I did re-build kernel image and drivers, then copy kernel image and all ko files to Linux_for_Tegra for flash.

I saw this log: NVIDIA(GPU-0): Failed to initialize the NVIDIA graphics device! sometimes, not everytime, it happens about 20% - 30%.

I also striped nvgpu.ko file, it can’t help.

attach syslog log.

In the syslog, there are 2 failures, I copied below.

Jun 19 10:08:29 txkj-desktop /usr/lib/gdm3/gdm-x-session[1063]: (EE) NVIDIA(GPU-0): Failed to initialize the NVIDIA graphics device!

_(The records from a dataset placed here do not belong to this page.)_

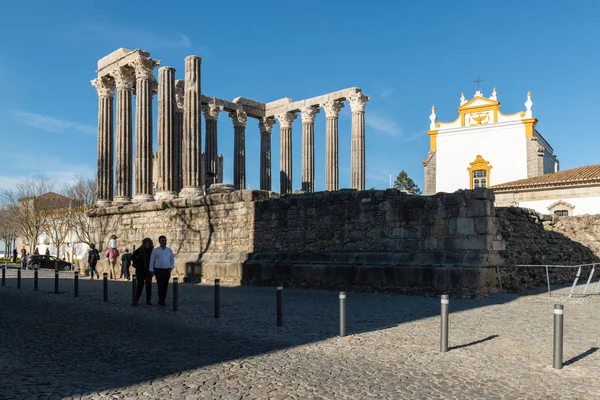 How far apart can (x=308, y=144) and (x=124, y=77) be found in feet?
38.1

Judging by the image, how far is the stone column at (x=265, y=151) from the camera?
3603 cm

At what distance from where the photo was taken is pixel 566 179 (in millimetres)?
31828

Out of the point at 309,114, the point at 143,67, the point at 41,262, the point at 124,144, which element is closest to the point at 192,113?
the point at 143,67

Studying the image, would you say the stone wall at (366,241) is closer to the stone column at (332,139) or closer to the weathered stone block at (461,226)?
the weathered stone block at (461,226)

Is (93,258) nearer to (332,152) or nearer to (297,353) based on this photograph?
(332,152)

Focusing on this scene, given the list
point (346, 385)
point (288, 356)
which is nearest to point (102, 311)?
point (288, 356)

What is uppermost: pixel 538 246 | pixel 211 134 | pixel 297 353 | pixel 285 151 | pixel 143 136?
pixel 211 134

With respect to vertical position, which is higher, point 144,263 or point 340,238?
point 340,238

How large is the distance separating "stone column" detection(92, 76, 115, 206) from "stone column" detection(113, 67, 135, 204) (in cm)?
126

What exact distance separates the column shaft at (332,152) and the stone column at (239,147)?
21.0 feet

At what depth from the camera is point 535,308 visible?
10320 mm

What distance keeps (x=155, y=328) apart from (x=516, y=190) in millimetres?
29539

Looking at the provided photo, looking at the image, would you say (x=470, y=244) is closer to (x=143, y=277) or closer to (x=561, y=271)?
(x=561, y=271)

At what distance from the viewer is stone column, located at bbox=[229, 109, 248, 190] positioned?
3503cm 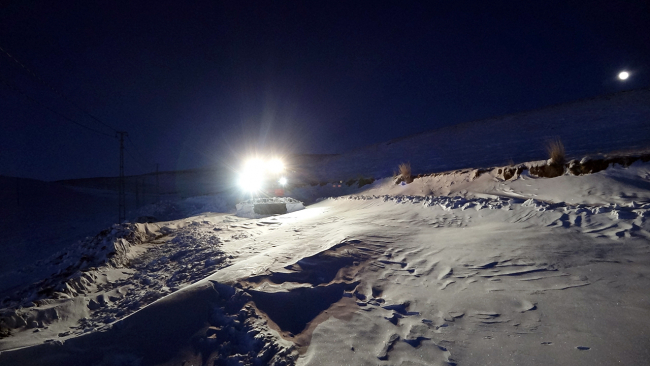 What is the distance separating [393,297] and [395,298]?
27 mm

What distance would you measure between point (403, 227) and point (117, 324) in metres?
4.20

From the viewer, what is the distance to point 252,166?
20359 millimetres

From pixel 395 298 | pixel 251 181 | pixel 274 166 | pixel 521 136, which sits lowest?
pixel 395 298

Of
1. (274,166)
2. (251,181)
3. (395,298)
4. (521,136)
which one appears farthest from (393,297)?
(521,136)

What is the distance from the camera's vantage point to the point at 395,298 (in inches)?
102

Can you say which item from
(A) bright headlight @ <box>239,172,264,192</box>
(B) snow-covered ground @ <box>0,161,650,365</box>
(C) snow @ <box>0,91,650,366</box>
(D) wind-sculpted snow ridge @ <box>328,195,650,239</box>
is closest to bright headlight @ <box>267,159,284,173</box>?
(A) bright headlight @ <box>239,172,264,192</box>

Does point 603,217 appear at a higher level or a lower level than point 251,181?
A: lower

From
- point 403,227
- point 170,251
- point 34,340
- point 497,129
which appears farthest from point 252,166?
point 497,129

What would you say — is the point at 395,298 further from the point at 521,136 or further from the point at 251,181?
the point at 521,136

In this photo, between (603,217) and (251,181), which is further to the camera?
(251,181)

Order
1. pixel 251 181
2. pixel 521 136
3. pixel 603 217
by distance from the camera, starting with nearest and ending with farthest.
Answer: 1. pixel 603 217
2. pixel 251 181
3. pixel 521 136

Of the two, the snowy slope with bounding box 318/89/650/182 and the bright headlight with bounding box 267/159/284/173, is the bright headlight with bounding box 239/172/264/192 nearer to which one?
the bright headlight with bounding box 267/159/284/173

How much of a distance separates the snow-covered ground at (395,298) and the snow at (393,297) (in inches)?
0.5

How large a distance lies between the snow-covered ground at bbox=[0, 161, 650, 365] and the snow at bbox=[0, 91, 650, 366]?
1cm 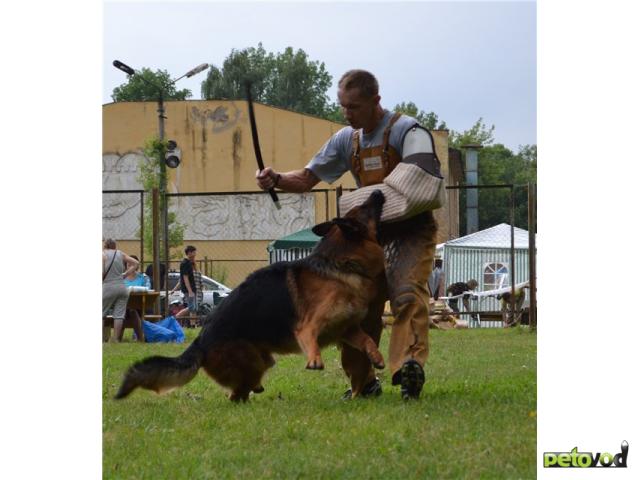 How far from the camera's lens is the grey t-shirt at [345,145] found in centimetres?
571

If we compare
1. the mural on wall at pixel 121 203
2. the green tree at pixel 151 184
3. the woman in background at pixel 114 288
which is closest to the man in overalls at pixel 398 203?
the woman in background at pixel 114 288

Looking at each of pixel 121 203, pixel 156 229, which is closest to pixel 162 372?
pixel 156 229

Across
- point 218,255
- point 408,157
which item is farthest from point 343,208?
point 218,255

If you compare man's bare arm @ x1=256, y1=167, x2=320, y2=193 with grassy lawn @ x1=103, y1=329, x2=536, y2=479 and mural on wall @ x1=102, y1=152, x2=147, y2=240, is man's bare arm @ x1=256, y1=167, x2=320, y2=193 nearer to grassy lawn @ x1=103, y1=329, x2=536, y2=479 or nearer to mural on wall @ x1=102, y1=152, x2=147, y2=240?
grassy lawn @ x1=103, y1=329, x2=536, y2=479

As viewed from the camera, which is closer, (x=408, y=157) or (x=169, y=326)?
(x=408, y=157)

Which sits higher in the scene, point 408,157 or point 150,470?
point 408,157

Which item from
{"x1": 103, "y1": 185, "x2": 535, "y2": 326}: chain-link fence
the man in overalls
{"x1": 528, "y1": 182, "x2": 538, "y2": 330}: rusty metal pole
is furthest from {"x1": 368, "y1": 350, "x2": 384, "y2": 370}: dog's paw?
{"x1": 528, "y1": 182, "x2": 538, "y2": 330}: rusty metal pole

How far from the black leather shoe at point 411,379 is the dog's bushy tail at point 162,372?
124cm

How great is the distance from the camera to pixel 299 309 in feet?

Jun 19 10:23:32 txkj-desktop /usr/lib/gdm3/gdm-x-session[1039]: (EE) NVIDIA(GPU-0): Failed to initialize the NVIDIA graphics device!

syslog_0619_102332.zip (262.1 KB)

Is there anyone help check this issue?

Are you talking about if you build kerenl image/modules from the source and it has chance to hit this issue sometimes?

Yes. It looks like after we build kernel image/modules from source, then we saw this issue somtimes.

Could you share the steps you are running to build kernel?

I follow this link to build kernel Kernel Customization — NVIDIA Jetson Linux Developer Guide 1 documentation.

But I did enhance the build script nvbuild.sh to build display driver, modules_install and strip ko files. I attached my changed nvbuld.sh file.

All built ko files are in kernel_supplements.tbz2, then I go to ${L4T_DIR}/rootfs folder, run below commands to remove all old ko files, then untar new ko files in kernel_supplements.tbz2.

cd ${L4T_DIR}/rootfs
rm -rf lib/modules/*
tar --keep-directory-symlink -I lbzip2 -xpmf ${KER_OUT}/mod_install/kernel_supplements.tbz2

Then I flash image to my device.

nvbuild.zip (2.1 KB)

When this error happened, will it go back to work again if you restart gdm3?

Also, this looks like log from custom board, are you sure NV devkit can reproduce this issue?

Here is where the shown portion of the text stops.